The local currency is the Jordanian Dinar, symbol JD, also pronounced as “jaydee.” There are 1, 5, 10, 20 and 50 JD notes. The dinar is divided into 100 piasters (pronounced “pee-asters”) of 1000 fils (“fills”). The fils is the unit most commonly used and you will usually see prices written as 4,750 (which is 4 JD and 750 fils). Currency can be exchanged at major banks, exchange booths and at most hotels. Street money-changers are best avoided. Exchange rates are set daily by the Jordanian Central Bank.

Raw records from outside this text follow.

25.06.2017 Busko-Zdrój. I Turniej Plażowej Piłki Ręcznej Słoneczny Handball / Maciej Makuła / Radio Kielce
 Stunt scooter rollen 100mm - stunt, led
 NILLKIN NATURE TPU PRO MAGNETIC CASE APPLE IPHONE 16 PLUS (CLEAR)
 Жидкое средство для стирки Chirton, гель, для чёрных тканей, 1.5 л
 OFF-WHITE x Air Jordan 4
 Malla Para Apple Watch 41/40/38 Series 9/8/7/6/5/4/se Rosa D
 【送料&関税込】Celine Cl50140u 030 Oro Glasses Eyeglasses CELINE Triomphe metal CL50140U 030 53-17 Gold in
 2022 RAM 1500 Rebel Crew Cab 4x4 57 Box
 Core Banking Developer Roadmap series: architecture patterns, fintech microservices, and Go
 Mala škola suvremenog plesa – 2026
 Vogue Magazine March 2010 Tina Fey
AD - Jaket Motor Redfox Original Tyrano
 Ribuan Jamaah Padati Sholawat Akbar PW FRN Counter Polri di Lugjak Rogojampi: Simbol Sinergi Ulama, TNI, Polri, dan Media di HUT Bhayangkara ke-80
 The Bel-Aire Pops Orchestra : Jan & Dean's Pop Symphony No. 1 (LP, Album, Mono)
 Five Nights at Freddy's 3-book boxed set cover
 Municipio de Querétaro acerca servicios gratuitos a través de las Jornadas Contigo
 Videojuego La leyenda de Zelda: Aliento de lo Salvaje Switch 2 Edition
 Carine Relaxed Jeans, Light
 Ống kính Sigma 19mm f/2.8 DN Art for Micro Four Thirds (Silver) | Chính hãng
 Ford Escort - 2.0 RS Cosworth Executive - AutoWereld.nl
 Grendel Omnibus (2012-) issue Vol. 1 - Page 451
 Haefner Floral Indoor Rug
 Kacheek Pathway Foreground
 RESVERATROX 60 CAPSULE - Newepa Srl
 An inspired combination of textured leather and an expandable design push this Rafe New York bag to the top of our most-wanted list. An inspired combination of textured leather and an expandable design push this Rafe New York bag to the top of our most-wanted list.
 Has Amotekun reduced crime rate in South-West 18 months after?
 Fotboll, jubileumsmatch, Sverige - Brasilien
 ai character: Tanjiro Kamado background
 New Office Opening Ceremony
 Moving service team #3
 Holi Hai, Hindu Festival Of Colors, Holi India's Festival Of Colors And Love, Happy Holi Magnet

Jordan can be regarded as a typically Arab country for its people are very warm, friendly and hospitable. Jordanians are typically happy to forgive foreigners who break the rules of etiquette. However, visitors seen to be making an effort to observe local customs will undoubtedly win favor. Joining local people for a cup of tea or coffee can be a wonderful way to learn more about local culture. If you are invited yet are unable to attend, then it is perfectly acceptable to decline. Place your right hand over your heart and politely make your excuses.


6. Food & Drink

For most the pull of Jordan comes from the chance to witness ancient Petra or to experience desert life in Wadi Rum – but the cuisine here should also play a part. Aside from chickpea-packed goodies like hummus and falafel and meaty morsels such as shish kebabs and shawarma, you have to try mansaf. Known as the national dish of Jordan, mansaf offers up a hearty meal of rice, slow-cooked lamb and jameed (a fermented yoghurt sauce) – simply delicious! Even though 90 percent of Jordanians are Muslim, drinking alcohol in moderation is widely accepted. You’ll find beer and wine is often listed on hotel and restaurant menus, and there are even a few bars in popular tourist spots and some of the big cities, especially those with a significant Christian contingent. But, if you’re looking to avoid the booze altogether, limonana is a zingy alternative made from lemon, spearmint, ice and sugar. This might surprise you but the tap water in Jordan is generally considered safe to drink. However, when travelling on a shorter trip it’s probably better to play it safe and stick to bottled water to avoid a sensitive stomach putting a dampener on your adventure.


7. Tipping

Tipping is not included in our tour price as it is something for our guests to choose whether to give or not. Tipping is something traditional in Egypt that foreigners are used to doing for a very long time as long as they are receiving satisfactory services from the others whether they are drivers, waiters, porters, guides, etc. So in case, you found that you are receiving valuable services while being in Egypt, feel free to give gratuities to whomever you want at any time with no specific amount of money to be given, it is all about you and what you want to give.


8. Dress Code

As was previously mentioned, Jordan is a predominantly Muslim country and so dressing conservatively acts as a sign of cultural respect. Shoulders and knees should be covered at the very least, and midriffs or cleavage should never be on show. Remember to dress particularly modestly when visiting sites of religious significance or else you may be denied entry. Yes, Jordan is always warm, but you’ll soon discover that covering up with loose, lightweight and long clothing is not only a great way to keep cool but also to stay protected from the sun. If you’re going to be outside for large portions of the day, a sun hat wouldn’t go amiss either.


9. Cultural etiquette

Jordanians are very welcoming, so expect to be greeted warmly with an animated handshake and a barrage of questions. Coming from countries where strangers tend to stay that way, it’s often easy to be skeptical of such friendliness but trust that this is genuine curiosity and avoid being dismissive. Don’t be surprised if you’ve been invited to tea countless times and even for a full-blown meal at someone’s house by the time your trip comes to a close. Certain parts of the country and Wadi Rum, in particular, are also heavily influenced by Bedouin culture. Amongst these nomadic folk, hospitality is thought of as an honor and a duty. As a guest, you can expect to be totally absorbed into the household by your host and treated as one of the family.